No fim da tarde cada grupo sai de suas casas, localizadas na periferia da cidade, num cortejo que passa pelo centro e por bairros distintos dos seus, retornando no fim da madrugada. Neste cortejo, devotos abrem suas portas para que o grupo cante em homenagem aos Santos Reis; desta forma os foliões também são caracterizados como “reiseiros”, cantadores de reis. A musicalidade é gerada pelas gaitas (flautas), triângulo, caixa, reco-reco e bumbo. Além dos cantadores de reis, o cortejo contém um vaqueiro que conduz a travessia do Boi e da Boneca pela cidade.

Esta travessia é cercada por paisagens de morros de pedra, casas de pau-a- pique, centro da cidade, e o Boi e a Boneca transitam por ladeiras de terra, ladeiras de pedra, ruas de asfalto e barrocas (fendas/buracos na ladeira de terra). A folia é sempre acompanhada pelas crianças que trazem fluxo para a dinâmica da festa, momento em que os bois saem correndo atrás delas. Desta forma, as crianças são um gerador de fluxo e dinamismo. A festa termina no 6° dia com um grande encontro dos Bois.

7 José Luiz dos Santos (1994, p. 26), considera que as “culturas humanas são dinâmicas”, passíveis de

transformação de acordo com a sociedade que a produz e seu contexto histórico.
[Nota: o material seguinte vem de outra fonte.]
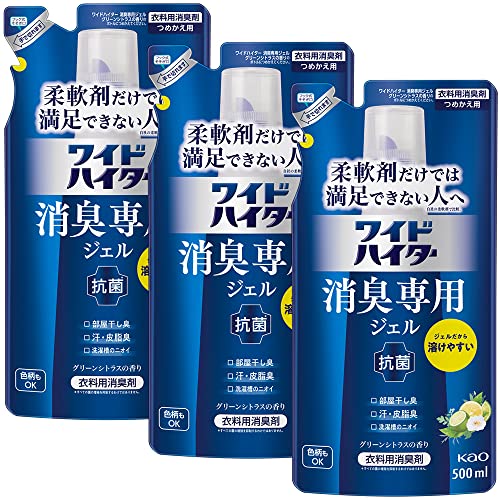 まとめ買い ワイドハイター 消臭専用ジェル グリーンシトラスの香り 詰替え用 500ml×3個画像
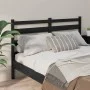 Bettkopfteil aus massivem schwarzem Kiefernholz, 186 x 4 x 100 cm von vidaXL, Kopf- und Fußteile - Ref: Foro24-818439, Preis:...
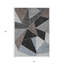 Tapis d'intérieur lavable à motif géométrique gris 5 pi x 8 pi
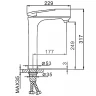 Смеситель для раковины Frap H52 F1052-54 Белый Хром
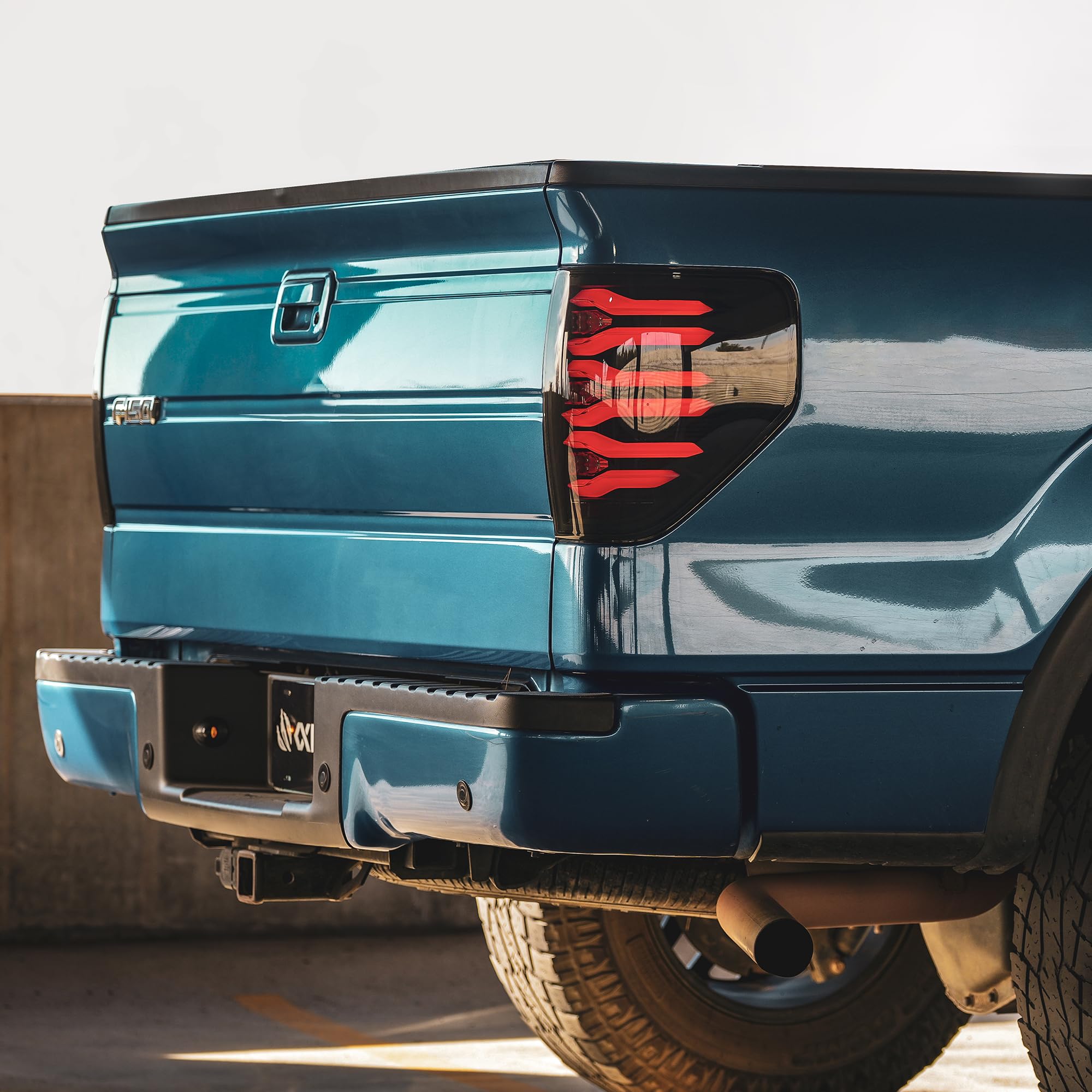 09-14 F150 AlphaRex LUXX-Series LED Tail Lights Black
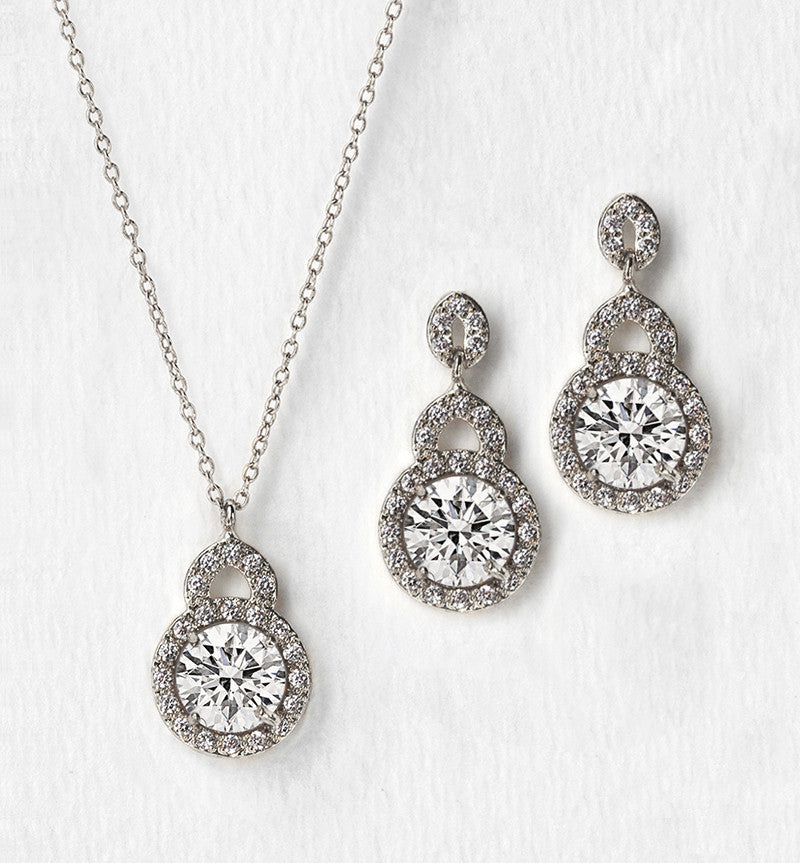 Crystal 18K White Gold Jewelry Set | Mix Mix Style [Hot Seller]-Mix MIx Style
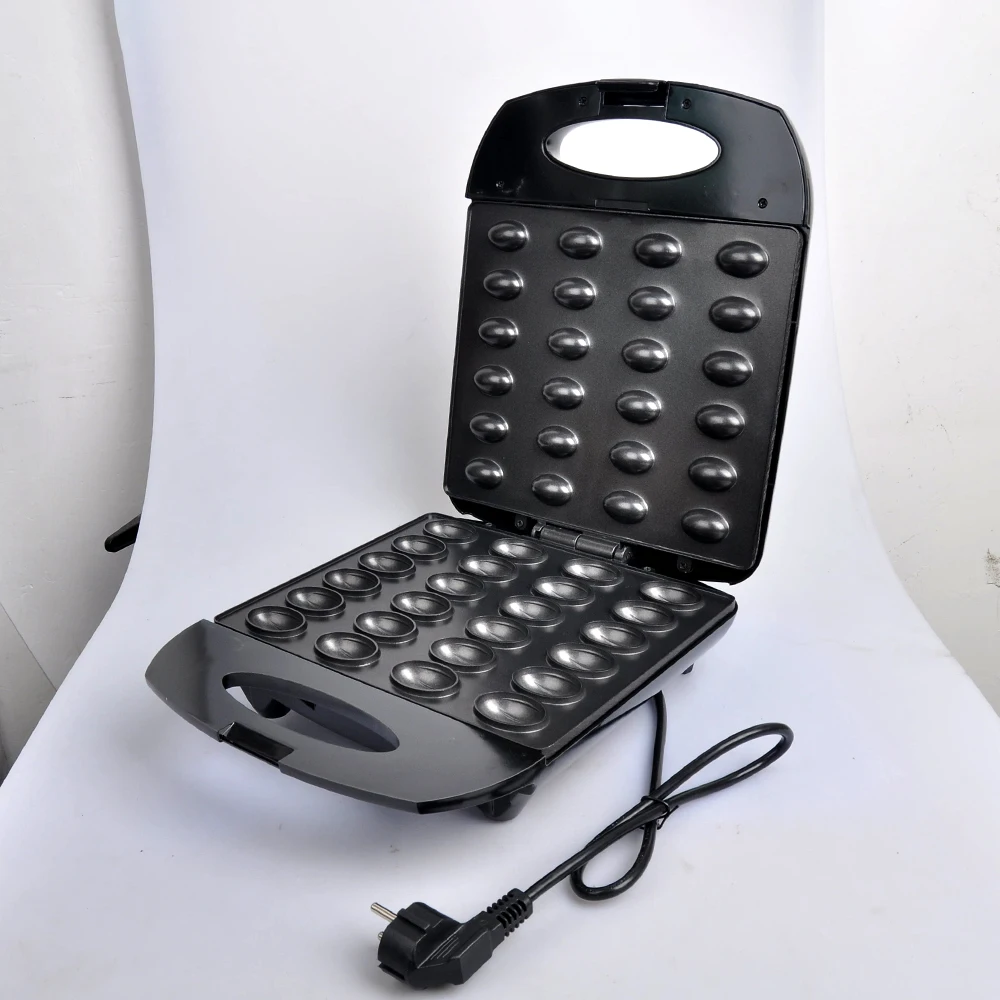 Mini Electric Walnut Cake Maker 24 Cake Troughs Automatic Nut Waffle Bread Machine Sandwich Iron Toaster Baking Breakfast Pan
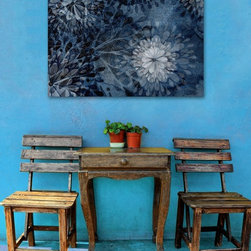 Blue Floral Burst - Products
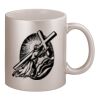 11oz Metallic Silver Mug Thumbnail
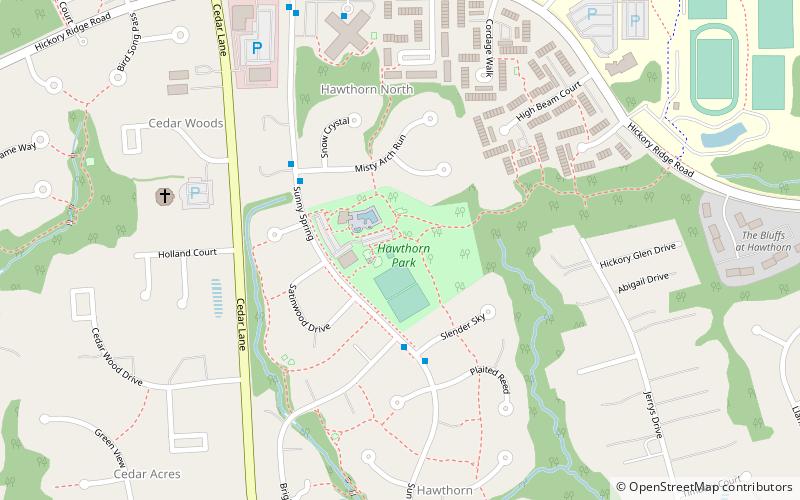 The Hawthorn Center location map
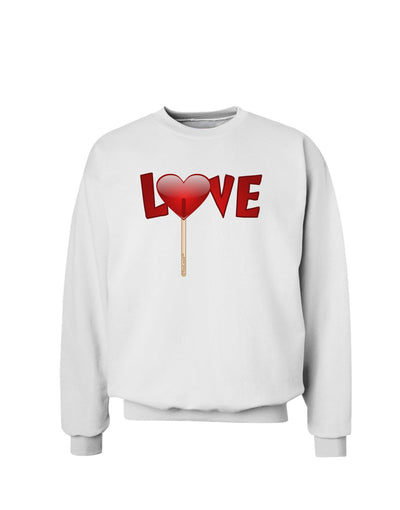 Love Lollipop Sweatshirt-Sweatshirts-TooLoud-White-Small-Davson Sales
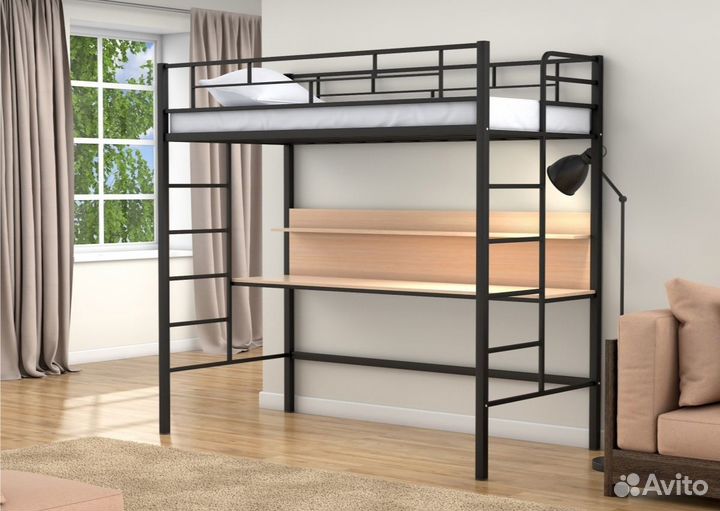 Детская кровать чердак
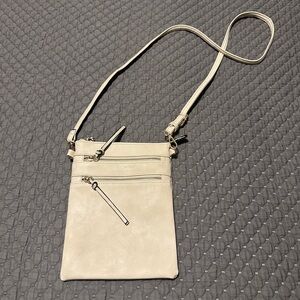 Elegant Cream Crossbody Bag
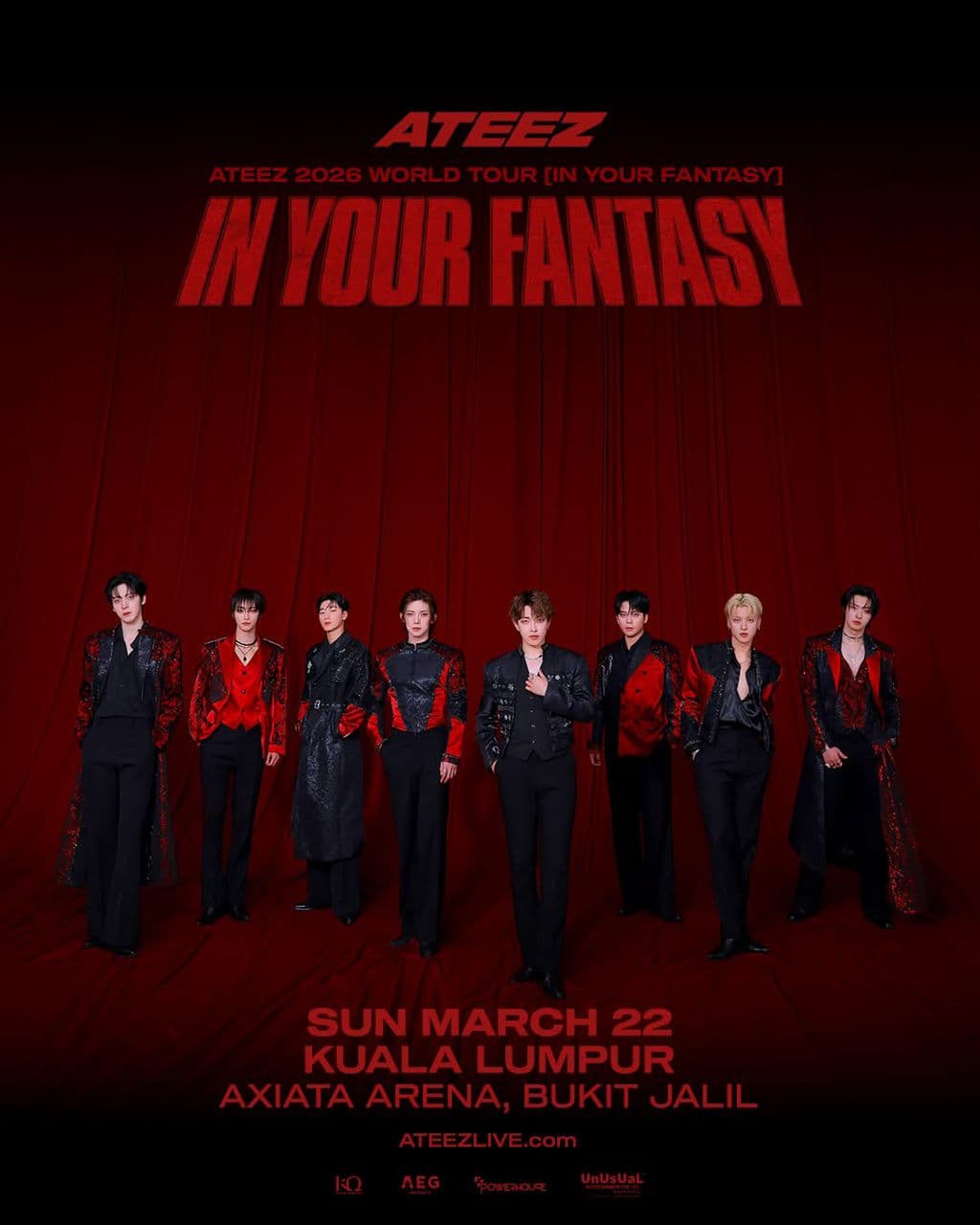 Ateez 2026 World Tour [{I}n Your Fantasy] In Kuala Lumpur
8 Em entrevista com Heitor de Pedra Azul, compositor e musicista natural da cidade de Pedra Azul, ele

explica que “a Boneca que vem junto é, na verdade, a Mulher do Aragão, numa alusão à Catarina de Aragão da Espanha, no quarto do qual Gil Vicente encenou o Auto do Vaqueiro. Maria Tereza é simplesmente uma apelação popular. Um dia alguém falou: lá vem o Boi e a Maria Teresa! E aí ficou”. Entrevista concedida online em Março de 2014.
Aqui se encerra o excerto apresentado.